Commons Democracy: Reading the Politics of Participation in the Early United States

Dana Nelson
Bronx, NY, Fordham University Press, 2015, ISBN: 9780823268382; 232pp.; Price: £50.40
New York Public Library
DOI: 10.14296/RiH/2014/2012
Date accessed: 3 October, 2023
In Commons Democracy, literary scholar Dana Nelson offers an alternative history of democracy in Revolutionary America. Nelson challenges the comforting narrative Americans like to tell themselves about the ‘Founders’ high-minded ideals and their careful crafting of the sage framework for democracy – a representative republican government’ (p. 3). This ‘consensus’ story of the founding ‘omits the challenges offered and the contributions made by non-elite citizens’ (p. 10). Nelson wants scholars – and Americans – to take more seriously what she calls ‘commons democracy’ or ‘vernacular democracy’. Based on this book, we certainly should.
The choice of the word commons is deliberate. Commoning emerged in reaction to practices of enclosure – of turning common land into private property – in early modern England. It quickly made its way to British North America. Nelson picks up the story around the American Revolution, and traces the long life of commons democracy in the decades before the Civil War.
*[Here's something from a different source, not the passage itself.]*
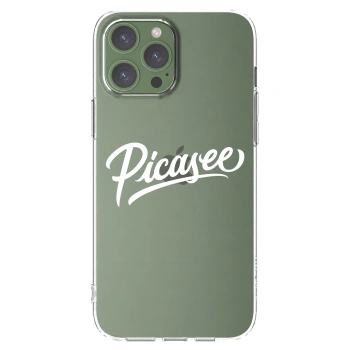 Picasee silikonski prozorni ovitek za Apple iPhone 13 Pro Max - Picasee - old logo - white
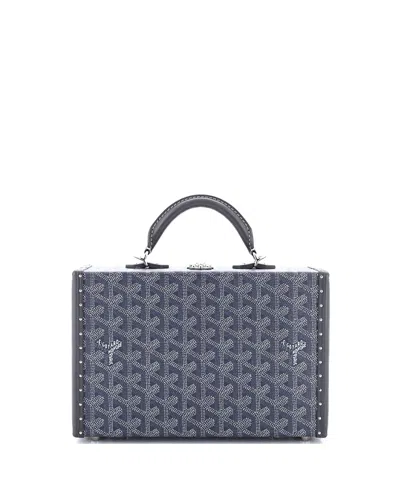 Pre-owned Pre-owned Goyard  Goyard Pm Grand Hotel Trunk Bag Coated Canvas In Gray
Crafted by ordinary, poor, white people, commons democracy was ‘not experienced via the representative institutions we formally associate with U.S. democracy’ (p. 7). It was instead ‘robustly participatory, insistently local, roughly equalitarian, and grounded in varieties of exclusion’ (pp. 7, 10). Commons democracy ‘insisted on sufficiency for the many rather than accumulation for the few’ through an economy governed by ordinary members of a community. This democratic tradition spoke ‘for (in today’s parlance) the 99 percent’ (p. 11). Americans, in sum, tend to associate democracy with liberal individualism and representative government. Commons democracy, to the contrary, was grounded in a deeply held sense of community.
Nelson relies on two distinct streams of analysis and evidence. First, Nelson draws on the insights of a growing historical literature on the social, economic, legal, and political practices of ordinary white Americans, especially along the Western frontier. Nelson’s explication of this work brings conceptual coherence to a wide ranging and still developing literature. Yet Nelson also moves beyond the existing scholarship. Indeed she makes a signal contribution to it by bringing to bear her training as a literary scholar. Nelson turns to novels in order to find further evidence about commoning and the reactions against it. Commons democracy, it turns out, lived a longer life than we usually assume.
The critical first chapter of Commons Democracy does not include any novels. Relying on existing historical scholarship, Nelson traces a tradition of grassroots democratic practices from the Carolina Regulators of the 1760s through the Massachusetts Shaysites in the 1780s. Nelson also shows how this ‘corporate self-governing democratic power’ with its emphasis on equality and fairness, ‘soon became an object of concern for the Framers, who aimed to contain its effects in the architecture of representative government’ (pp. 51–2). In so doing, Nelson disputes the notion that the founders created popular sovereignty with the Constitution. The rise of state-based liberal democracy – characterized by representative institutions, individualism, and legal formalism – which the framers supported, actually worked to tame commons democracy. Here Nelson endorses a long progressive and neo-progressive literature. Following Terry Bouton, Barbara Clark Smith, Woody Holton, and Alan Taylor, among others, Nelson centers ordinary people in this neo-progressive framework. The challenge of bringing non-elites to the fore reveals the extent to which the founders’ succeeded in obscuring commons democracy. They received an assist, Nelson maintains, from historians. In writing histories of early American democracy from the founders’ vantage, ‘consensus’ historians further obscured grassroots democratic traditions. Together, these developments conspired across the centuries to make commons democracy seem unnatural, perhaps antithetical, to American democratic practice.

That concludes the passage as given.